The enormous buildings will block sunlight for much of the year, casting surrounding areas in shadow. The project will also exacerbate our town’s parking problems through an unrealistic estimate of the parking spaces needed for 375 apartments, a supermarket, offices and other retail. And that will lead drivers to search for parking on nearby residential streets, adding to traffic and all its attendant pollution where many people now live.
But that is only one small part of the huge increase in traffic from this grossly oversized development. The intersection of Bloomfield Avenue and Grove Street, two of Essex County’s main thoroughfares, is already a blocks-long traffic gauntlet with a bottleneck of cars stacked and idling.
The 375 new apartments will add approximately 1,000 new residents, most of whom will have cars. Add to this the traffic from the supermarket, offices and other retail. The result will be a traffic bottleneck that will undoubtedly lead drivers to find other routes along residential streets on both sides of Bloomfield Avenue, causing a wide spillover in traffic problems and increased pollution.
Residents of the Fourth Ward need a supermarket. They don’t need more pollution, blocked sunlight, and more traffic congestion.
And what are we promised in exchange? Twenty percent of the apartments will be affordable, an assurance that in the present plan is itself ambiguous. You see, the plan also says that up to 15% of units will be short-term rentals, which it says can be classified as affordable housing. Does that mean only 5% of the units are guaranteed affordable?
Additionally, 10% of units would be “workforce housing” for employees of our town and school district. But this could be a mirage.

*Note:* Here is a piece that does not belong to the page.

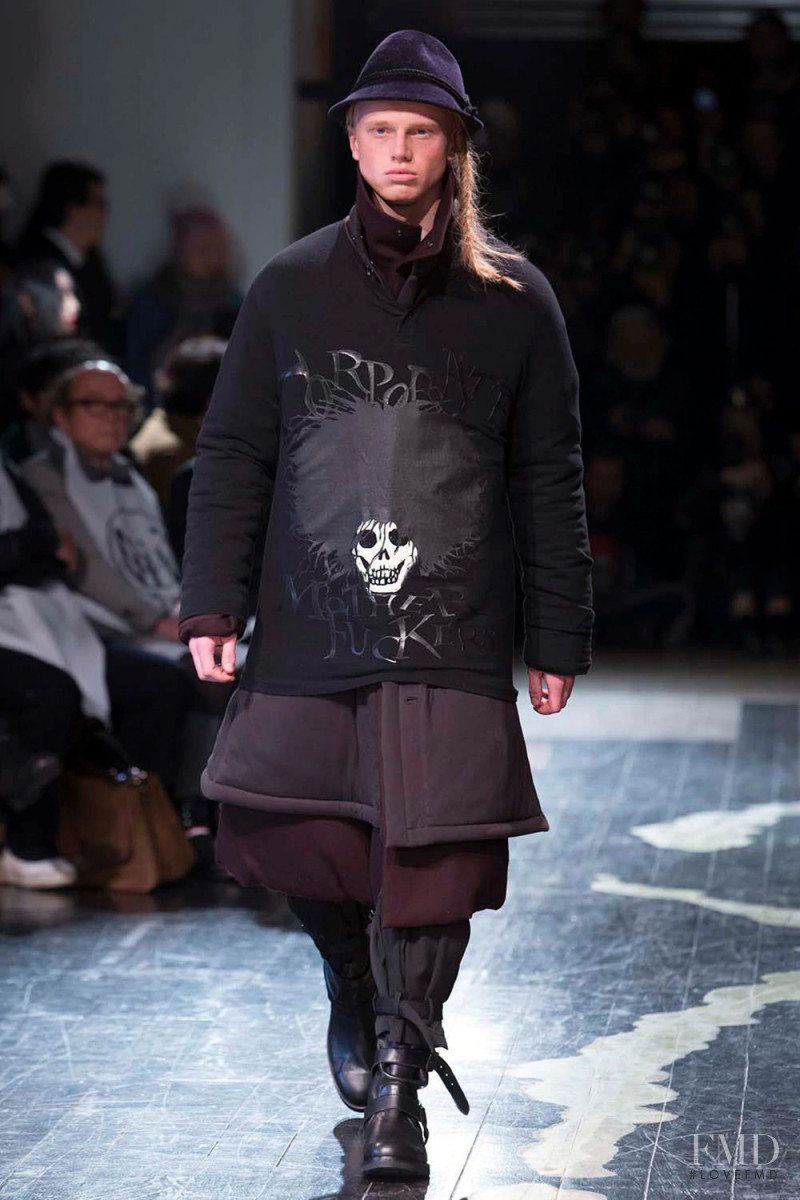 Yohji Yamamoto fashion show for Autumn/Winter 2016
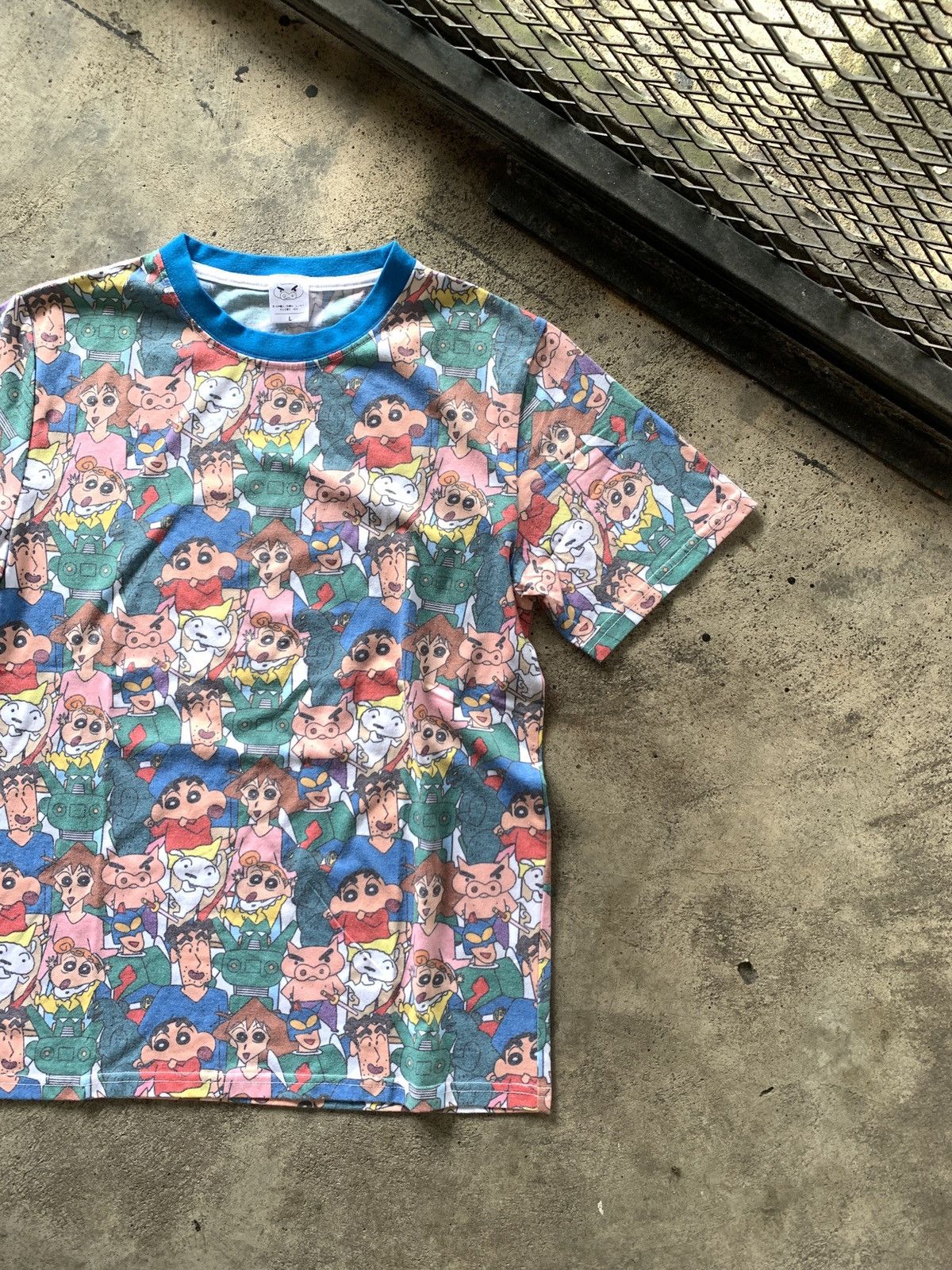 Anime × Cartoon Network × Japanese Brand Crayon shincan T-shirt vintage 90s Size US S / EU 44-46 / 1 - 2 Thumbnail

In another recent large development downtown, there were no takers for workforce housing.
Look at the big picture.
Even if 20% of the new apartments are indeed affordable, is that worth sacrificing the quality of life in long-established neighborhoods that are already among our town’s most diverse?
How will that protect Montclair’s diversity?
And, with the other 300 new apartments all priced at market or even luxury rates, wouldn’t that also hasten our town’s loss of diversity?
Our Township Council must substantially scale back this plan and take the time to get it right. Too much is at stake.
The current redevelopment plan may be the developer’s dream, but it stands to become our nightmare.